Guest section DW (dwguest@win.tue.nl)
Wed, 8 Dec 1999 14:10:49 +0100


On Wed, Dec 08, 1999 at 02:08:46PM +0200, Andrei Pitis wrote:

> > Note that scancode repeat is not good enough: many keys produce an e0 xx pair
> > and repeat that; more complicated things also occur.
> Of course this is covered, please have a look at the patch.

Yes, I saw this patch later. Linux-kernel arrived out-of-order here yesterday.

> > So, you could consider intercepting repetition at the keycode
> > instead of the scancode level.
> At the keycode level I cannot make the difference between key down and
> key up. I rely on both keydowns and ups in my patch.

Of course you have key down and key up at the keycode level.
value < 128 is key down, value+128 is key up.

> > Probably 100ms would suffice. It seems that the key up event comes
> > much earlier.

> No problem, that is a different keycode, therefore it will pass.

You misunderstand my argument. It is not that I expressed concern
about the key-up event. Just the opposite - I was happy to notice
that the key up event has occurred already after 100ms, so your
repetition test has already changed last_keycode after 100 ms,
so a longer period is only required for people who are both very
slow typists and have a broken Toshiba keyboard.
On the other hand 250ms is definitely too long - all keyboards I have
here start repeating somewhat earlier than that.

> Only 250 ms is ok.
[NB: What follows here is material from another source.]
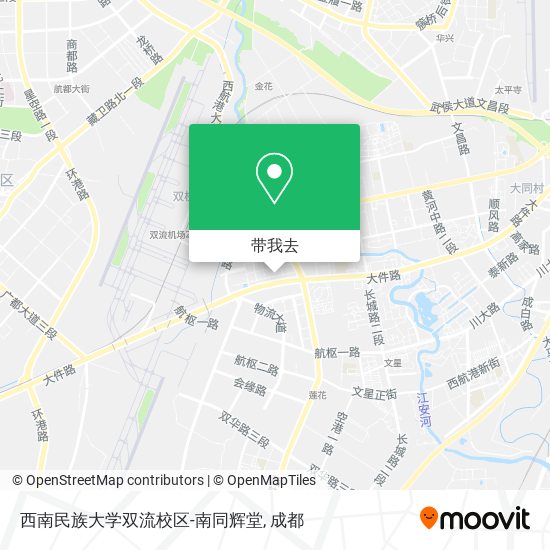 西南民族大学双流校区-南同辉堂地图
It only applies _between the first and the second
> identical scancode in a row_. It doesn't affect anything else.

It kills the key repeat on my keyboard.

> 100 ms _does not help anybody_ because when a glitch occurs, it is not
> single shot, but repetitive, and fast - therefore you will end up with
> duplicates.

I don't understand your argument.

Your constraints are the following:
1. You want a time period that is as long as possible, in order to catch
as many glitches as possible.
2. The time period must not be longer than the ordinary key repeat delay.
3. The time period need not be longer than the time until the next key-up
in normal typing. For me that is much less than 100 ms, but other people
may have different opinions.

Now fast key repeat is important - especially for backspace and arrow keys -
it would be a bad idea to kill a little bit of the Linux pleasure just
because of some obscure Toshiba bug. So 250 ms is definitely too long.